Countless directors tried to depict the scene in which Alice shrinks, grows and metamorphoses in Lewis Carroll's fantastically imaginative novel: some of them turned to clever stage designs that altered the perceptions of Alice's real proportions for the audience, while modern versions of the same scene were enriched by great special effects.
There was certainly the same hallucinatory quality of the shrinking and growing scene from Alice in Wonderland in Anrealage's A/W 19 collection, showcased on Tuesday during Paris Fashion Week.
Yet designer Kunihiko Morinaga didn't really need any special effects for his garments, his tailoring skills and a sharp eye for details were indeed enough for him to come up with unique designs. Leaving behind his previous experiments with lights and shadows, Morinaga focused this time on proportions.
At the back of the runway there were five key garments - a T-shirt, a denim jacket, a trench coat, a shirt and a blazer - displayed on dummies. Were was the peculiarity of this setting? In the size of the dummies and the clothes that came in a cyclop size.

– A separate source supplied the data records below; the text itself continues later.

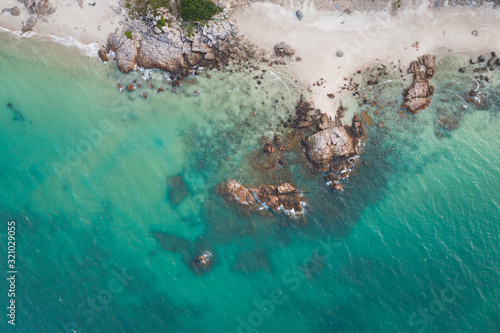 high angle view of beach photo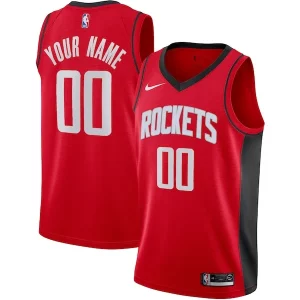 Houston Rockets Nike Custom Swingman Jersey Icon Edition Chic Red Great for Fans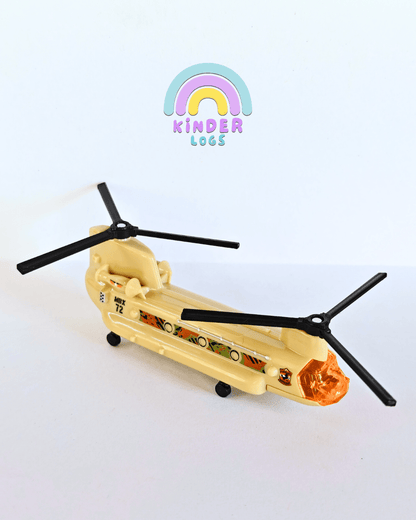 Matchbox Sky Busters - CH-47 Chinook Helicopter (Uncarded - New) - Kinder Logs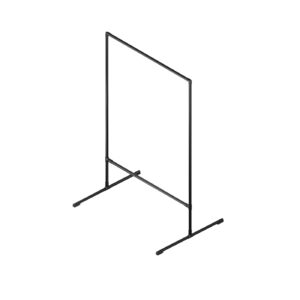 Fonger wieszak loftowy na ubrania stojący 100x150 czarny mat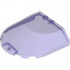 Windscreen 6 x 6 x 1 1/3 Curved: {прозрачно ярко синьо-виолетов}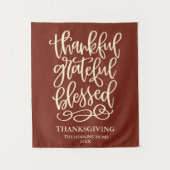 Thanksgiving zonder dank voor de grateful Blessed Wandkleed (Voorkant)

The models on the runway looked as if they had been playing with the magnified clothes behind them and had tried to fashion out of the unusually oversized garments a series of wearable coats, capes and dresses.

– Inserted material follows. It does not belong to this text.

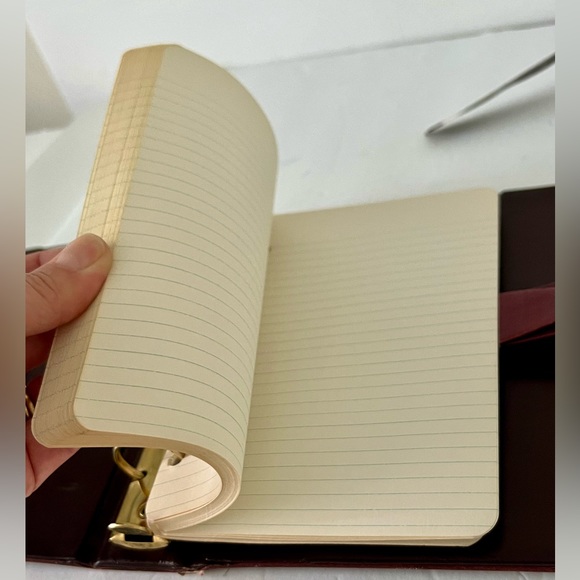 Dinoffer New York rare vintage calf leather agenda / planner / Notebook 3 rings - Picture 4 of 16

Giant collars became lapels with rather unusual proportions; a blazer was turned into a monumental coat with kimono sleeves; a fingerless glove became a sweater; a white shirt sleeve complete with cuff was transformed into a pinafore dress, while giant trousers were refashioned into capes and the sleeve of a bomber jacket was dismembered and used to create a strapless dress with its ribbed cuff forming the bodice.
The effect was uncanny, surreal and cleverly funny in some cases: the coin purse turned handbag was extremely covetable, but so were the woolen sock and the label (with size included) turned into a capelet matched with an apron skirt (fashioned from the magnified waistband of a pair of denim trousers) and a scarf (while a scarf became an ample sweater with a thick fringe...).
Details helped making the collection credible – pin badges dedocrating an oversized biker jacket had the size of plates, zippers and buttons were also exaggerated, but so were the necklaces (some of these pieces were a collaboration with designer "e.m.") and the shiny silver earphones hanging around the neck of a model.
The meaning of the collection was hiding in these details, Morinaga entitled indeed the collection "God is in the Details". Lamenting the fact that we filter fashion via the screens of mobile phones, the designer decided to take images of ordinary and almost banal garments as seen on a mobile phone screen and magnify them at 300% (you can visit Anrealage's Facebook page to look at the garments used as starting points for this collection).
In a way this show was maybe less entertaining than the previous ones that featured mesmerising light effects that radically transformed the garments.
At the same time the collection was surprising as it played well with proportions, shapes, volumes and tailoring, also referencing other experiments on proportions, geometries and the human body that Morinaga did in the past.
Playing with proportions was maybe an expedient inspired by a God of fashion that benevolently watches upon Morinaga and inspires him with ideas suspended between the real and the unreal spheres (the name of the label is a pun of these two words) with some incursions into the surreal (as proved by this collection...).
Will Morinaga's fashion God be so kind as to grant him to win also the 2019 LVMH Prize (Morinaga is among the twenty semifinalists that are going to be reduced to eight finalists after a showroom presentation taking place today and tomorrow at LVMH's Avenue Montaigne headquarters)?
Considering that these prizes too often end up being given to young and inexperienced designers who are considered as hip and trendy, but who do not seem to have great tailoring skills, and the fact that there are a few poseurs, pardon influencers, in the jury as well who may be more interested in watching fashion through their mobile phone screens rather than studying details, it may be (sadly) rather unlikely. Yet maybe it would be better this way, after all Anrealage could be positioned among the conceptually clever timeless brands rather than the hip labels destined to fade away in a few years' time (it is worth remembering that Thomas Tait and Hood by Air, winners of the 2014 LVMH Prize, are no longer producing collections).